In this study, however, investigators found that knocking down, or deleting, Helios can reduce the number of leukemia stem cells. Furthermore, Helios is required for leukemia cells to survive, and when it’s removed, leukemia cells stop growing and differentiating, and ultimately die.

To confirm that Helios contributes to AML development, the investigators also transplanted human leukemia cells into mice models. They found that when Helios was deleted, the mice had a greater reduction in leukemia cells and lived longer.

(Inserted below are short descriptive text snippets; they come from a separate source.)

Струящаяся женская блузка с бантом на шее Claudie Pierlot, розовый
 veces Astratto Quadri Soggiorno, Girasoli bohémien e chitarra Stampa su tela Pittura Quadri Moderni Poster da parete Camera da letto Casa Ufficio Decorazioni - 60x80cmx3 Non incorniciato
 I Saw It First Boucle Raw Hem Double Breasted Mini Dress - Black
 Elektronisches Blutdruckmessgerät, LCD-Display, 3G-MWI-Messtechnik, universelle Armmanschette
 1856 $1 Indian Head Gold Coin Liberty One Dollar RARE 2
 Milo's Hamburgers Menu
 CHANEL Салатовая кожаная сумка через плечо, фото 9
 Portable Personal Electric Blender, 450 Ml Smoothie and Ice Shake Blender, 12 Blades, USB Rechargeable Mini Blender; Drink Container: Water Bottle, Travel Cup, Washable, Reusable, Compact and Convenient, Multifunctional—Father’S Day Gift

What’s Next? Targets for Drug Development

Based on the findings, the researchers hope to develop drugs that target Helios as a treatment for AML. Dr. Kharas doesn’t believe there is any danger in causing B-ALL by blocking Helios, since several other mutations are needed to drive the formation of that cancer. In addition, the mice that had Helios blocked in their blood cells didn’t show any signs of other cancers, including B-ALL, and had normal blood stem cell function. But until further research is conducted, investigators won’t know for sure.

Dr. Kharas notes that other researchers have discovered that Helios plays a role in the proper functioning of a type of white blood cell that affects immune response. This suggests that drugs that influence Helios could also be used to boost immune therapies for cancer.

This research was funded by National Institutes of Health grants (NIDDK NIH R01-DK101989-01A1, NCI 1R01CA193842-01, CA176745, and CA066996). It was also supported by a Sidney Kimmel Foundation Kimmel Scholar Award, a V Foundation for Cancer Research V Scholar Award, a Geoffrey Beene Cancer Research Center grant, a Leukemia and Lymphoma Society Career Development Program Award, the Starr Cancer Consortium, and an Alex’s Lemonade Stand ‘A’ Award.